Not all changes are listed below.
creation of the seqlib namespace
- added a simplified wrapper of vector for Align (VAlign) and unsigned int (Vuint) with no checking
these classes provide a SIP interface and are designed for being used by a Python wrapper (never directly)
- incorporation of the module coalesce
deletion of BaseCoalesce (classes are integrated in the Seqlib hierarchy)
other classes are just ported with minor compatibility changes
- pi attribute of Coalesce changed to Pi
- uses new version of Polymorphism
- removed clear_error
- statistics of irrelavant data type are initialyzed
- in case of error: sets everything to 0/default
- apparently its impossible to set alpha<0. the blocking is maintained.
- blank line added after header in data file, plus between simulations for microsats
- added tMRCA statistic
other former classes of the BaseCoalesce hierarchy are in a “coalesce” namespace
- creation of BppWrapper:
- available only with mode dna at the moment (translated as DNA for bpp)
Pairwise: deleted and transfered to Polymorphism
- compatibility changes
- the constructor closes the input file after use
- return Vuint objects
- Consensus (incorporated in Polymorphism):
- doesn’t write anything anywhere, except a report in an internal string
- note: some use of vector (check whether any other container may be better)
- missing: missing code in input (?)
- disagrement: code for disagreemnt in output (non rigorous mode) (Z)
- constructor calling directly analyze
- both take more arguments
- the same object can be used several times
- analyze returns the number of polymorphic sites or -1 in case of error
- site accessors are deleted (sites are not stored any more)
- sites with more than 2 alleles are accepted: always: eta
- consensus() function
- pairwise() function collecting Pairwise functionalities
- wrong data type leads to 0 polymorphism, not error (false characters are taken as missing)

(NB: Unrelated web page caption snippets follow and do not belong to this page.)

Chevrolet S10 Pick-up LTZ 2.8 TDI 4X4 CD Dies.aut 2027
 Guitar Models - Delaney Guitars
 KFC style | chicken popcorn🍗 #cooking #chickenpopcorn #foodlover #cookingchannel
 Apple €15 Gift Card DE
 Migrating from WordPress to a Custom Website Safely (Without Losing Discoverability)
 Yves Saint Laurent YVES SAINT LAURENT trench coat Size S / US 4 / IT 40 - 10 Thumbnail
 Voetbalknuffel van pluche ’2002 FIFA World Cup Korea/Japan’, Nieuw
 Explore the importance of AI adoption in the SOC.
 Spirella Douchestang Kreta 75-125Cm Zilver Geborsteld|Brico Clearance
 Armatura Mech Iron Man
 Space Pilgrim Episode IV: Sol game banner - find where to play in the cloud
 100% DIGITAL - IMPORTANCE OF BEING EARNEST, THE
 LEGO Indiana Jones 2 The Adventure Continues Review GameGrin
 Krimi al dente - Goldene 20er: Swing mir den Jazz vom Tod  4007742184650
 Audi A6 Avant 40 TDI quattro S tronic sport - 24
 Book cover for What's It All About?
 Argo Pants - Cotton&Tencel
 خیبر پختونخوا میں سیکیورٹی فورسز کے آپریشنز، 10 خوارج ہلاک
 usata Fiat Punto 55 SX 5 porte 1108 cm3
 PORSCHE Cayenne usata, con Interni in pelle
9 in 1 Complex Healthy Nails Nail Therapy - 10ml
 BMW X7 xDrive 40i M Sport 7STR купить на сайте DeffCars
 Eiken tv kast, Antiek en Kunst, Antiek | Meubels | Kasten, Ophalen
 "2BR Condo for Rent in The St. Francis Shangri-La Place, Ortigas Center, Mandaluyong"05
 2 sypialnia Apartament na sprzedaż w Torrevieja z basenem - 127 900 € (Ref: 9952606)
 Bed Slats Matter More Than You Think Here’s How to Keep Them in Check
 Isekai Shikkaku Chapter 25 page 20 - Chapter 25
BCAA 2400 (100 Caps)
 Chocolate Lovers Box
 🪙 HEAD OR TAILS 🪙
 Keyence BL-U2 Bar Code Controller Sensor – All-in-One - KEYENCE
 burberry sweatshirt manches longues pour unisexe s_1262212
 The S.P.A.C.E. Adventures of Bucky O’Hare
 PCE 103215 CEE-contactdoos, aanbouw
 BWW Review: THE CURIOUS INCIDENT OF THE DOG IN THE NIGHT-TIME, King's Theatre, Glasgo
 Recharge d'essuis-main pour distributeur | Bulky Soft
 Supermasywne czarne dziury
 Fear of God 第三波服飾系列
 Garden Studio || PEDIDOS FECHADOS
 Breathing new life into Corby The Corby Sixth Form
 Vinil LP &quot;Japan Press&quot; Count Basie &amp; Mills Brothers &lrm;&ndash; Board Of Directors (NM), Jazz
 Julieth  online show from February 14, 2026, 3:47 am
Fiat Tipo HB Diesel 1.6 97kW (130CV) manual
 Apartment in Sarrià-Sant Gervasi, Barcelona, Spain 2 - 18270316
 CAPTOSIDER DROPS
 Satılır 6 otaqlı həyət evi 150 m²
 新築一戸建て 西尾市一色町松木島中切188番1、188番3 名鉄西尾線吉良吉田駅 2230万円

- don’t store actual data anymore (no more get() accesser)
- carriers reimplemented as a pointer, and initialized at construction
- minor change in interface
- no destruction of the data pointer
- automatic conversion to upper case
- possible to set an outgroup with mode b - otherwise, 0 are taken to be ancestral
- the linked list feature is DELETED
- observations (these are no change):
- the usage of newlines for separating exons is enforced in constructor but no in method import()
- the format is very sensitive to spaces, don’t add any other positions than specified
- the numbering of the input is not converted
- renamed to Ms and linked to from IO
- copy is implicitely allowed
- the class manages a pointer to the stream
- size limits are removed
- renamed as Staden
- simplified interface: only import which returns an Align
- import uses CONSENSUS to resolve . characters
- import deletes CONSENSUS
- renamed as IO
- significant changes of the interface: reading functions return an object and writing functions take an object as argument
- no longer length limit (use of queues)
- incorporates a call to Staden::convert (less efficient because of an additional object copy)
- incorporates Ms call
- removed DATA_TYPE, MINIMUM_READ, SKIP_RM, SMALL_DIFF and MULTIPLE_HITS_ACCEPTED
- change interface of isValid() to accept type character
- isValid() is made case-insensitive
- add constructor Sequence(number, char) to initialize an empty sequence
- concatenating sequences with different names is no longer fatal
- oor errors for get(), set(), rem()
- suppress build_helper() helper function and lname, lseq members
- pname(), psequence() become name() and sequence()
- copy constructor supports overwriting
- remSeq() now checks
- equalize() takes an optional padding character as argument
- pname, psequence, psequence2 renamed to name, sequence and getSequence (respectively)
- slice() becomes hslice()
- still doesn’t perform any test
- get() checks
- binSwitch() checks p and binary data
- subset() becomes vslice() (with an overloaded function vslice(a,b)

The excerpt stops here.